- **DIRECTIONS FOR THIS TASK**: Starting at the line that contains "You can contact", transcribe each line exactly through the end of the data below, and skip any pictures.

- **GIVEN DATA**:
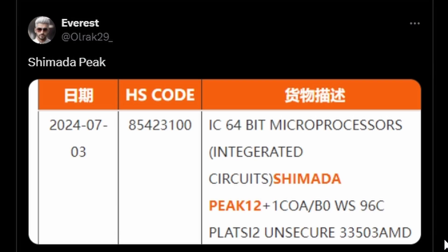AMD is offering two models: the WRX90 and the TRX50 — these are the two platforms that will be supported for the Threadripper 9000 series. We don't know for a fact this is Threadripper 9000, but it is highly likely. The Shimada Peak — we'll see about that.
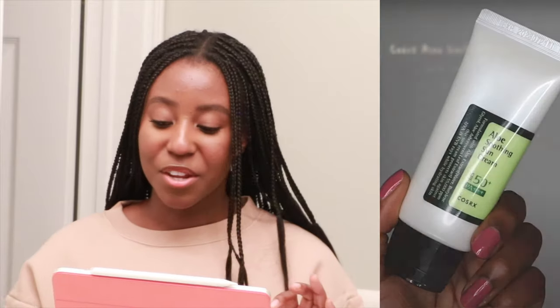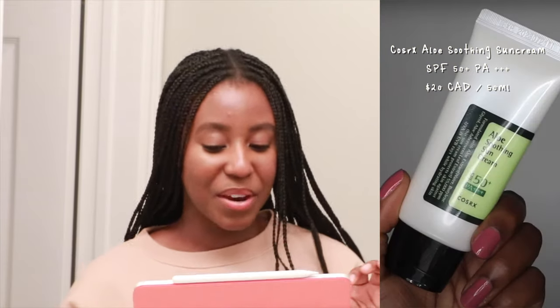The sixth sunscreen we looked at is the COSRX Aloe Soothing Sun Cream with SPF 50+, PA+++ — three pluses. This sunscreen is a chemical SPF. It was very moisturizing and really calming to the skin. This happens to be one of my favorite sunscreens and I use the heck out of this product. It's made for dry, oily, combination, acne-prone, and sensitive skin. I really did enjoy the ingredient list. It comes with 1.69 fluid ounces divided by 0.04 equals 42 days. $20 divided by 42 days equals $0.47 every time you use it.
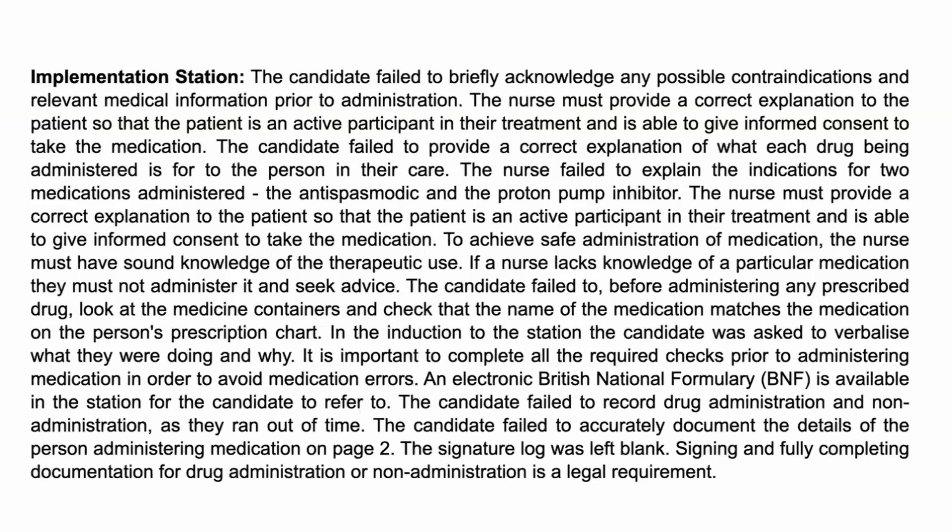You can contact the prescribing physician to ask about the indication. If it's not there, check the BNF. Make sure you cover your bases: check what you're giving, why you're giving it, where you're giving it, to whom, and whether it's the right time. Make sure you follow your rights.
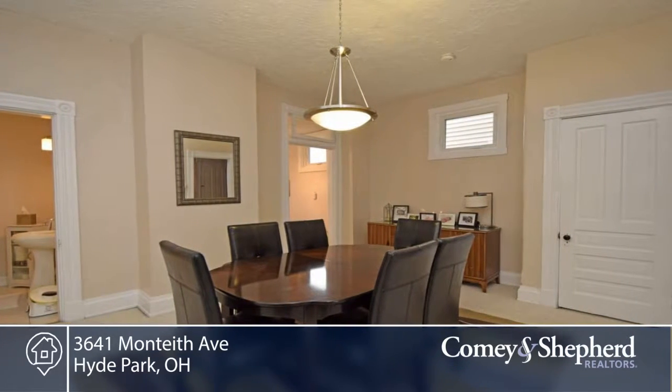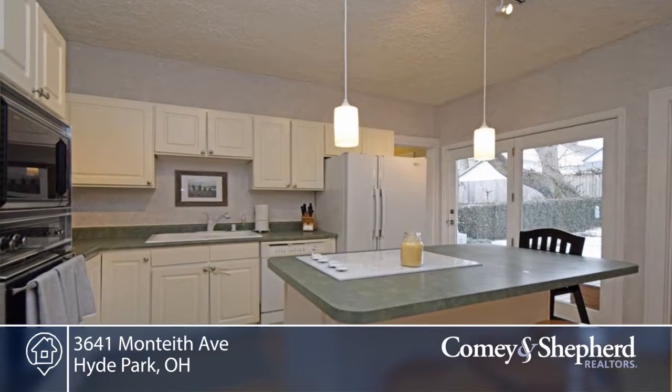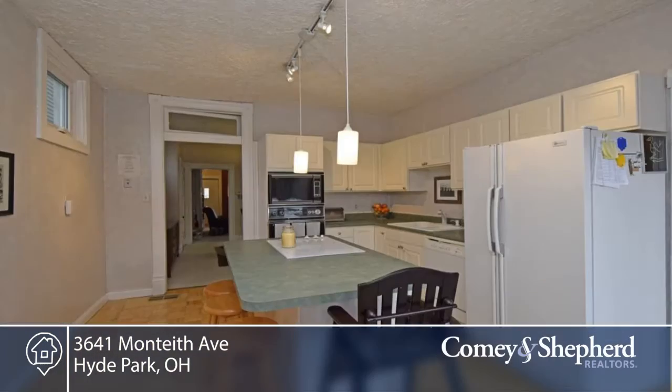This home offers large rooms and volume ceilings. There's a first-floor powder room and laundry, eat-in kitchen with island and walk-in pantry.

- **SOLUTION TO THE EXERCISE**:
You can contact the prescribing physician to ask about the indication. If it's not there, check the BNF. Make sure you cover your bases: check what you're giving, why you're giving it, where you're giving it, to whom, and whether it's the right time. Make sure you follow your rights.
This home offers large rooms and volume ceilings. There's a first-floor powder room and laundry, eat-in kitchen with island and walk-in pantry.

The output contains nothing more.